= Matthew Smith (colonial secretary) =

Australian politician (1836–1887)

Matthew Skinner Smith (30 August 1836 – 18 April 1887) was a British Army officer and acting Colonial Secretary of Western Australia from 1885 to 1887.

Smith was born in England; little is known of his early life. From 1854, he was an officer in the 44th (East Essex) Regiment of Foot; he served in the Crimea (where at the Siege of Sevastopol he won the Crimea Medal and clasp, and the Turkish Crimea Medal), China, and India, before retiring as a captain in 1867. That year, he married Elizabeth Nolan in Kent, England, and they had at least one son.

In June 1868, Smith emigrated to Western Australia on board Lady Louisa. Smith had expected to become private secretary to Colonel John Bruce, who hoped to be appointed governor; however Bruce was not selected and Smith was employed as a bank clerk for three years in the Perth branch of the National Bank of Australia. In 1871, he became a Justice of the Peace, and thereafter he was Superintendent of Police from December 1871 until April 1887. From May 1876 until August 1877, he was also Sheriff of Western Australia. He was later responsible for setting up a Royal Mail Coach Service between Perth and Bunbury.

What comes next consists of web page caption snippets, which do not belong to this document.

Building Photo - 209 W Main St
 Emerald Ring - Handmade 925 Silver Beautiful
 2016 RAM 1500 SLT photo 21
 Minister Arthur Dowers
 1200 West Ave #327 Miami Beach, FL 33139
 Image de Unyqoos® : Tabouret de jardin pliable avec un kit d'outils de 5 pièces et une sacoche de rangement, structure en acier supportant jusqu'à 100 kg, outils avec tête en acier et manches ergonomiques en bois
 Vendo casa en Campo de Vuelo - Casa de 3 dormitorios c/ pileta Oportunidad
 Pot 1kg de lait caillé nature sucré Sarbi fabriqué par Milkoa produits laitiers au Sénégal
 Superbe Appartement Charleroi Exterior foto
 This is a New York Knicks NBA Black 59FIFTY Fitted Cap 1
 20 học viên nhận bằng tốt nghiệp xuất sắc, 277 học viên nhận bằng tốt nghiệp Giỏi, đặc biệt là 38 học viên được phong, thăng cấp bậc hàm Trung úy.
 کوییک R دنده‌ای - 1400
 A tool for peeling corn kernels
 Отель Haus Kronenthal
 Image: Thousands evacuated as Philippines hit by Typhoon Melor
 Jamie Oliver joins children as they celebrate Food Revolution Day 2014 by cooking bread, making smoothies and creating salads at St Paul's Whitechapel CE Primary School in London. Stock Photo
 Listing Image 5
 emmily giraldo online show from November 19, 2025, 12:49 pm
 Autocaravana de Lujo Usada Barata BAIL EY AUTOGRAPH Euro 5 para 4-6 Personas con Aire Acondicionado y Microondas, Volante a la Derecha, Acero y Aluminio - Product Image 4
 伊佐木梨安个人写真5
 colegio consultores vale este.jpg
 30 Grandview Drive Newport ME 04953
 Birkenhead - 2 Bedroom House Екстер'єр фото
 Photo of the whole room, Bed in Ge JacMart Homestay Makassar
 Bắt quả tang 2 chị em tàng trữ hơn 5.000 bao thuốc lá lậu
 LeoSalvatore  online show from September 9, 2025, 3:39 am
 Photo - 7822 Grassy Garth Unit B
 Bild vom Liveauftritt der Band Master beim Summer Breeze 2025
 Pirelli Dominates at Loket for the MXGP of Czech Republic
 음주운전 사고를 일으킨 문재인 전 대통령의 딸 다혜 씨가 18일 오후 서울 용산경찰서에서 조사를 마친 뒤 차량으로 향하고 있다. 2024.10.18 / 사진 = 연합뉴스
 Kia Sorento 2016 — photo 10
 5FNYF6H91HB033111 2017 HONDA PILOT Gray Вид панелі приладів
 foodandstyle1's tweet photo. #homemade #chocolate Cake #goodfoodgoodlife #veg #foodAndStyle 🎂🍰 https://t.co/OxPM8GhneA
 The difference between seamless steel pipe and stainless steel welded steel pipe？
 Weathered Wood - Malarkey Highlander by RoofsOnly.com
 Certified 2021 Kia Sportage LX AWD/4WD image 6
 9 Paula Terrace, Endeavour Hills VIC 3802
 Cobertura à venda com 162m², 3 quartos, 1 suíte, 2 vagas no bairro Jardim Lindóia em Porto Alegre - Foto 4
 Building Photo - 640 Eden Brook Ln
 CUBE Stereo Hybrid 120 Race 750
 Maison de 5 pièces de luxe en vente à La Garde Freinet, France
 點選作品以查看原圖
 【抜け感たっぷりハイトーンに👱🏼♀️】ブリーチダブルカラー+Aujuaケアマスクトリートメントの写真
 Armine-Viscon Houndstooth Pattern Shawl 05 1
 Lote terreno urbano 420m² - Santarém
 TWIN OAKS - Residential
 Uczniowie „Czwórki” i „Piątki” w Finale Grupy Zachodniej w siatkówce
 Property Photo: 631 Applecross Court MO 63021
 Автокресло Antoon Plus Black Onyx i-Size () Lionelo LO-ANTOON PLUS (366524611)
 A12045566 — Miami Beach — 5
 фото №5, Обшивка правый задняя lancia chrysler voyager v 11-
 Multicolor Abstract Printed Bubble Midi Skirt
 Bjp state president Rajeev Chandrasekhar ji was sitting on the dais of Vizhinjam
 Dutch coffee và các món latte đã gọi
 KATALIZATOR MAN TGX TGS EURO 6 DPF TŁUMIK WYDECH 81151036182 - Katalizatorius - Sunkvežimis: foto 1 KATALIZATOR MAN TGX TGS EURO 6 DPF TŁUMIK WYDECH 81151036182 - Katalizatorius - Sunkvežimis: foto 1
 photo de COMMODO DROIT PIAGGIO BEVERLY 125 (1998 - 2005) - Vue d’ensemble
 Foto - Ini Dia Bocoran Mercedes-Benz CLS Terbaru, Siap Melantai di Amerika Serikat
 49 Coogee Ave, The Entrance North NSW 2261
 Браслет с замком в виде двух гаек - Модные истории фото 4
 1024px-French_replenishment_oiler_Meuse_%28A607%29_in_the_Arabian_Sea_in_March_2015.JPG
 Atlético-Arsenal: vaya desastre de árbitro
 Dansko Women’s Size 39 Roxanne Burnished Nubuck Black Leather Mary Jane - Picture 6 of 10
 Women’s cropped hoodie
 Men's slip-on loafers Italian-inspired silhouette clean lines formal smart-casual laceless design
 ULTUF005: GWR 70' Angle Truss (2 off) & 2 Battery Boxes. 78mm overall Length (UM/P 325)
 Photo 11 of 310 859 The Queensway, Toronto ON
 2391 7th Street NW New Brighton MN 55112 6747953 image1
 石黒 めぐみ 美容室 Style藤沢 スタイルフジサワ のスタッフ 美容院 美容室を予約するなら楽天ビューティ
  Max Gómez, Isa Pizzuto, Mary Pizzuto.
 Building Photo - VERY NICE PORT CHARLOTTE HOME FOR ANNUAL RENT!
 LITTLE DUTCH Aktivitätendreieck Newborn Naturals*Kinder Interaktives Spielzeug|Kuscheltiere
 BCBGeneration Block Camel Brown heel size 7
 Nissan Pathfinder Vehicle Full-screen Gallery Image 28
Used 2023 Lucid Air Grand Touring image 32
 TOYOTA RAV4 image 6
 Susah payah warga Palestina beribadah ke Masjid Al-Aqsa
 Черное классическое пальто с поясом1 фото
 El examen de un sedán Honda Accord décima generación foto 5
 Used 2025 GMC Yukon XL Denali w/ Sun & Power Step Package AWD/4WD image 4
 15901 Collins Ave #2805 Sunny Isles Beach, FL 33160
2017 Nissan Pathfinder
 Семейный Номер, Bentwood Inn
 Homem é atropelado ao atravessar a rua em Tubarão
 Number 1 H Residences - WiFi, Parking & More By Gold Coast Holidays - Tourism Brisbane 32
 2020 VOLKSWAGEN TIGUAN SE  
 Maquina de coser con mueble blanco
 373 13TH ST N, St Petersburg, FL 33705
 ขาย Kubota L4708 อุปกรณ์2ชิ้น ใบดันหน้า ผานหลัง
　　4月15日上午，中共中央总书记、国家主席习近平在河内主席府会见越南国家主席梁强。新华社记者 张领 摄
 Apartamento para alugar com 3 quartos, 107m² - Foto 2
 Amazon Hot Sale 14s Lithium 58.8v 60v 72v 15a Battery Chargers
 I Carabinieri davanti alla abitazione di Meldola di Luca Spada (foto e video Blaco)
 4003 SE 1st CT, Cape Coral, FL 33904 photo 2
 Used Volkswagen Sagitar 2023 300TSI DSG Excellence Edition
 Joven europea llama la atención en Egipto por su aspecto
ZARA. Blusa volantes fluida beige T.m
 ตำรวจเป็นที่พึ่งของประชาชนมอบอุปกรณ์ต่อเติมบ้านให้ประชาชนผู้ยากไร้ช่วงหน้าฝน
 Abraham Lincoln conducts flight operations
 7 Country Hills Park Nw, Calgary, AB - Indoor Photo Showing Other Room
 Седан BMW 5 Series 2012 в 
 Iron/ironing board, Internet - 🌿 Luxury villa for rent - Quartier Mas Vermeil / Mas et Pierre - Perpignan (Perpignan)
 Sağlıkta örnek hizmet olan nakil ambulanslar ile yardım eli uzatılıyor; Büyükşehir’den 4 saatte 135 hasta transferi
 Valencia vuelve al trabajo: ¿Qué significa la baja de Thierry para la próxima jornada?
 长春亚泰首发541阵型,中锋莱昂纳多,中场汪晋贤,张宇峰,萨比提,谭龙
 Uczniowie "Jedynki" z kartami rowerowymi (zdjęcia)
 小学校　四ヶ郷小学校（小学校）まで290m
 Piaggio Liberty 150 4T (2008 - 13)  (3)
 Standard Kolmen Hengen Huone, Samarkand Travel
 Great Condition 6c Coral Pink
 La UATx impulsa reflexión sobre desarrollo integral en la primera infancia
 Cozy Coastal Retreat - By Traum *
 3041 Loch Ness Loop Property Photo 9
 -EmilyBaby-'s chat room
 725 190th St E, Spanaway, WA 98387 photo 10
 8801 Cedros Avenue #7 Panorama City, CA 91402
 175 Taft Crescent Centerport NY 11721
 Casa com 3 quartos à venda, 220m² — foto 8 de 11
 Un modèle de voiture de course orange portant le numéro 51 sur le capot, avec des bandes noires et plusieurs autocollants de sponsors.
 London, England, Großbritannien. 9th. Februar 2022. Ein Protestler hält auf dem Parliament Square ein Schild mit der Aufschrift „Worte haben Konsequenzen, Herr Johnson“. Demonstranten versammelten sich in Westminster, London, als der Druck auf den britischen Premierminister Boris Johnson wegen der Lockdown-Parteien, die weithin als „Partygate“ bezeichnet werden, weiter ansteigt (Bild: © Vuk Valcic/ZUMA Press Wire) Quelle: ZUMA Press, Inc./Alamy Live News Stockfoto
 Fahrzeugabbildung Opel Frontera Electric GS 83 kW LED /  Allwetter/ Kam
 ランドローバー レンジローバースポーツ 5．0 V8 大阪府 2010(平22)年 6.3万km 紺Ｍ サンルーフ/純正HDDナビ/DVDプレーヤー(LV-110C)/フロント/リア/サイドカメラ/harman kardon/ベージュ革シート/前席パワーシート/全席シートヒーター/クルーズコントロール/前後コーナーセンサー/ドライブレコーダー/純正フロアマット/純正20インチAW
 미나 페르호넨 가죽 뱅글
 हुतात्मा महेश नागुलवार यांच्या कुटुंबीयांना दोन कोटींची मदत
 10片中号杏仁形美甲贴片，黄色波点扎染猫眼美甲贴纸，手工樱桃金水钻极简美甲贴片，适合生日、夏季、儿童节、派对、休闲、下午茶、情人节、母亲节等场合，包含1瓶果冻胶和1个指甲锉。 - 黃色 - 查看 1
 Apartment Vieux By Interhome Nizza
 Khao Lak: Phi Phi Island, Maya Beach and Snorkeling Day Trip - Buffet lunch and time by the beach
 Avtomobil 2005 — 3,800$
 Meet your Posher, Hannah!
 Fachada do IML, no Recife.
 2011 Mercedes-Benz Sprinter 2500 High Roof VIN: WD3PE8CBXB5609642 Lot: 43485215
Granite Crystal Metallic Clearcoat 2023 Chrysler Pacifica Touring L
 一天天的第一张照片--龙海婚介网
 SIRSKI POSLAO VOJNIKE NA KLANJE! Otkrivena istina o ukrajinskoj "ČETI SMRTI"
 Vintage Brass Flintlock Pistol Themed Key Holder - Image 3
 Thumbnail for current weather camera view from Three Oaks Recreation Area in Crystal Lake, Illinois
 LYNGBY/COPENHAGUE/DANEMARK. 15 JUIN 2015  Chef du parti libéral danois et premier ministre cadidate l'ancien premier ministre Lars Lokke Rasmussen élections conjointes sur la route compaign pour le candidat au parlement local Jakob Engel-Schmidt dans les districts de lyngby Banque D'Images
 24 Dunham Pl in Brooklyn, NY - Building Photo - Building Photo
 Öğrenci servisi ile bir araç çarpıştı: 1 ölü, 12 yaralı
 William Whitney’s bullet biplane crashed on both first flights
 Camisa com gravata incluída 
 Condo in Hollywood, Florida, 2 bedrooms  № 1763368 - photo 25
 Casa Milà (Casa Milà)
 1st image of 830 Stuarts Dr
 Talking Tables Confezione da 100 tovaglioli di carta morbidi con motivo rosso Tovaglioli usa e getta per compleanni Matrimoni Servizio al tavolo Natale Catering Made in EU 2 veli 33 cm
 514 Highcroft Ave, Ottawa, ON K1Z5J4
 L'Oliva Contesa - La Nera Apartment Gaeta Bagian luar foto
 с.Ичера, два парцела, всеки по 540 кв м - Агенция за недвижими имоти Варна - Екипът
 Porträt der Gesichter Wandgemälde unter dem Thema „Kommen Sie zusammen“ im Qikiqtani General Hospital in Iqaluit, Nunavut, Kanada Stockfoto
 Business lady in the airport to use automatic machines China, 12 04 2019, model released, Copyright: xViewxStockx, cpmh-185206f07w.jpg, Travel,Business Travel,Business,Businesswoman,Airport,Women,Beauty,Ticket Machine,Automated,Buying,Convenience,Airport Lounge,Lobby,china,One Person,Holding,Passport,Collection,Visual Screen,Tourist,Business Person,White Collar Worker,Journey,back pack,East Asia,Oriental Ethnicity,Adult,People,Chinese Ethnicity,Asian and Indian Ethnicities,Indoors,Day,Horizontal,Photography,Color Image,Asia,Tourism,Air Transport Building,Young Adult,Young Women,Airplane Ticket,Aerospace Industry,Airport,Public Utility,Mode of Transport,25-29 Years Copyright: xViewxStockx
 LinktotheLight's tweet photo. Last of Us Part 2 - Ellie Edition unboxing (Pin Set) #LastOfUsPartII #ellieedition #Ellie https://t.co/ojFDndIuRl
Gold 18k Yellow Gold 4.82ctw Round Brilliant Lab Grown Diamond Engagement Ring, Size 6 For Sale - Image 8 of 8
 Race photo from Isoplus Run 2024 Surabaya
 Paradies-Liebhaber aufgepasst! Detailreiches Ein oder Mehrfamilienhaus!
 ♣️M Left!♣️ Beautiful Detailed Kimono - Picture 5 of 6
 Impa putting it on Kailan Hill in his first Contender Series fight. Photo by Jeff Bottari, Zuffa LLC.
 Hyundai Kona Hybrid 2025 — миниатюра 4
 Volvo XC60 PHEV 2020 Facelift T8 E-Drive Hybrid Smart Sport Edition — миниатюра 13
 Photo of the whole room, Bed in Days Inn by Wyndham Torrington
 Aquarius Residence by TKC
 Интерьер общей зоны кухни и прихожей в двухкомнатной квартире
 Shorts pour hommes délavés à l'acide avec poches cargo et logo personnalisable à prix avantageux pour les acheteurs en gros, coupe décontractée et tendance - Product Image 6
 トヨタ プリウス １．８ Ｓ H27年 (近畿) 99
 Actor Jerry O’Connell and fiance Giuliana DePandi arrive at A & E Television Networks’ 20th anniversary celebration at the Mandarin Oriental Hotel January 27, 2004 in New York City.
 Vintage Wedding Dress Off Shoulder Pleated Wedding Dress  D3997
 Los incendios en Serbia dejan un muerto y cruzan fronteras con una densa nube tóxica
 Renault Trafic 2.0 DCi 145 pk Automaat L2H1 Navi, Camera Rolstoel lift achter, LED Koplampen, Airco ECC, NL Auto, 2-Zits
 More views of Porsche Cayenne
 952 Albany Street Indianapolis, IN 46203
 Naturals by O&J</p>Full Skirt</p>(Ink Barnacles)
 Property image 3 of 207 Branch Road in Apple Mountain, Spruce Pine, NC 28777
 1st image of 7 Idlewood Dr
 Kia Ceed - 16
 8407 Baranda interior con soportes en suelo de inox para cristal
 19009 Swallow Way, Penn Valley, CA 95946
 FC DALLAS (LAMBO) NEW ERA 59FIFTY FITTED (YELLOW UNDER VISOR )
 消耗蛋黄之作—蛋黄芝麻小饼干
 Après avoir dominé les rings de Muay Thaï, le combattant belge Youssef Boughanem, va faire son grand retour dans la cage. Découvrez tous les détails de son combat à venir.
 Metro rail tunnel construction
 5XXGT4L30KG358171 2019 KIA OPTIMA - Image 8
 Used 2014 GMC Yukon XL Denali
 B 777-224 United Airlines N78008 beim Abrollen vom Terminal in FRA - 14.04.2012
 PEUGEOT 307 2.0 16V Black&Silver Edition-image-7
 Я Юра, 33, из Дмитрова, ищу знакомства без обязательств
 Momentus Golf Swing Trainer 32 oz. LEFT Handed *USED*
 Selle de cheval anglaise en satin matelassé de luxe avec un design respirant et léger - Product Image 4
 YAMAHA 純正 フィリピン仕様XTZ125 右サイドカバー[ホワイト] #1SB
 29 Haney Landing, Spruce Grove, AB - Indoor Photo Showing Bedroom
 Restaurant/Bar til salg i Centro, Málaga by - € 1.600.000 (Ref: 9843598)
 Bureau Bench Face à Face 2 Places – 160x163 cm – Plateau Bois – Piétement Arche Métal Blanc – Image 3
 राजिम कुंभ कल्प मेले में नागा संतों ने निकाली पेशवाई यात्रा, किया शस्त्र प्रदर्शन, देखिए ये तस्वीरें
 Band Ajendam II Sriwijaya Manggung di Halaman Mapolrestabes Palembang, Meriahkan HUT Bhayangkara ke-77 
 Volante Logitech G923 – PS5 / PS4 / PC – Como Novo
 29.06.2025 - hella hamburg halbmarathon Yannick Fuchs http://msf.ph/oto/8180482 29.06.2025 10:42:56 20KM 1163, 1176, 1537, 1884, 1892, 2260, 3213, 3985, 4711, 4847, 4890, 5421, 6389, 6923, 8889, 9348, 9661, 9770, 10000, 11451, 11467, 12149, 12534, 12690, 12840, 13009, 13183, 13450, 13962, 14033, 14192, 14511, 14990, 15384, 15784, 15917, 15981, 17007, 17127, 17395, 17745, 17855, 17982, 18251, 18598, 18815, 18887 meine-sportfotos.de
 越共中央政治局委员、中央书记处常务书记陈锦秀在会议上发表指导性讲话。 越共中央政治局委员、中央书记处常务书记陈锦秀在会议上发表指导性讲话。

When the Colonial Secretary of Western Australia, Malcolm Fraser took leave, Smith was appointed acting Colonial Secretary on 8 December 1885. As acting Colonial Secretary, Smith was also entitled to a seat in the Western Australian Legislative Council, to which he was appointed on 18 June 1886. He held both positions until his death in Albany on 18 April 1887.